Our proconsul’s failure to confront loyalism also includes his indulgence of the UDA, which no-one controls despite efforts to promote the convicted extortionist Jackie McDonald as its leader.

The UDA reprises with impunity the same pantomime it performed in the 1990s with the Shoukri brothers as the Ugly Sisters and McDonald as the Widow Twanky.

The NIO’s agents tell them the UVF has opted not to kill anyone in the near future so the NIO recognised its ceasefire - again.

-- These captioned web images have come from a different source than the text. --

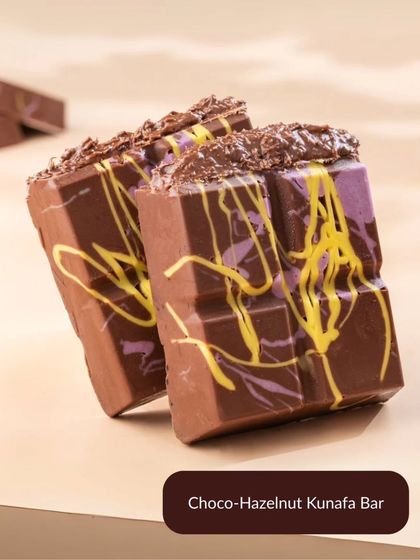 The Choco-Hazelnut Kunafa Bar is a decadent twist on the viral trend. It combines rich chocolate with a gooey hazelnut filling for the ultimate indulgence.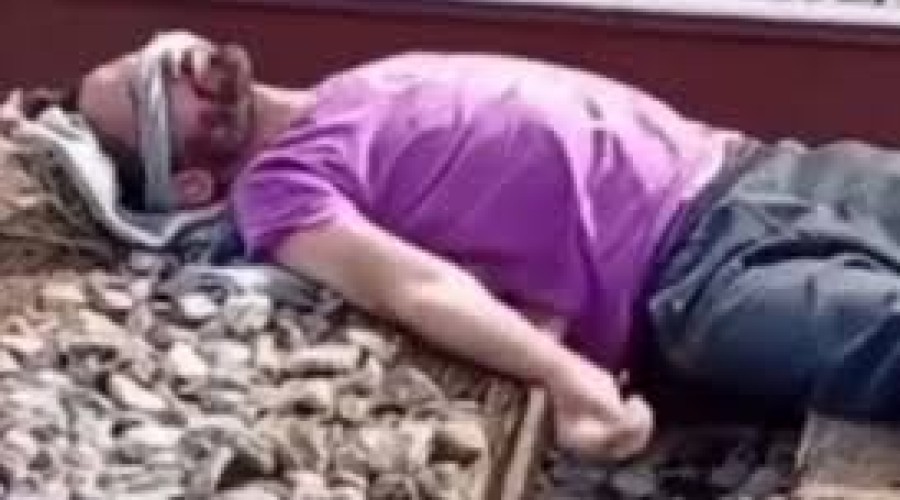 Homem deita em trilho e trem passa por cima dele em trend viral. Veja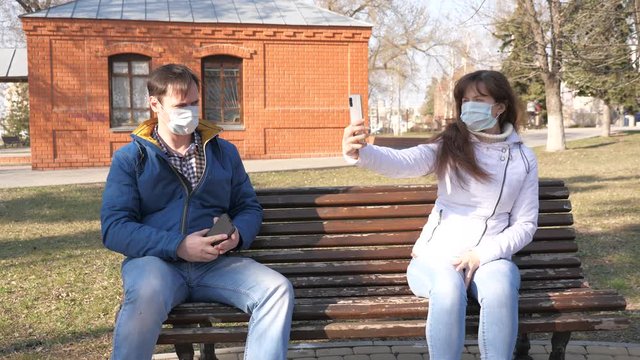 Coronavirus protection. woman and man in medical protective mask are sitting with smartphone on city street in Europe. Tourists on street wear a protective mask from viruses selfies on smartphone.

While the UVF seems anxious to stay in the NIO’s good books, UDA gangs defy it. Their rejection of Mary McAleese’s consort’s golfing partner as leader was complete when they tried to shoot him in Carrickfergus last year. Their racketeering and gangsterism continue apace, guaranteed now for another 18 months.

The panto is completed by the public’s assumption that the security forces know where the UVF and UDA’s weapons are, that they know the names of the quartermasters and in fact probably know the serial numbers of the weapons since they supplied them in the 1980s to enable loyalists to compete with IRA materiel coming in from Libya.

On top of all that hypocrisy, Lord Stevens concluded that military intelligence, MI5 and Special Branch had agents in the leadership of the main loyalist groups, sometimes the same men taking money from two or more spymasters.

Yet no action, while the courts operate a revolving-doors policy.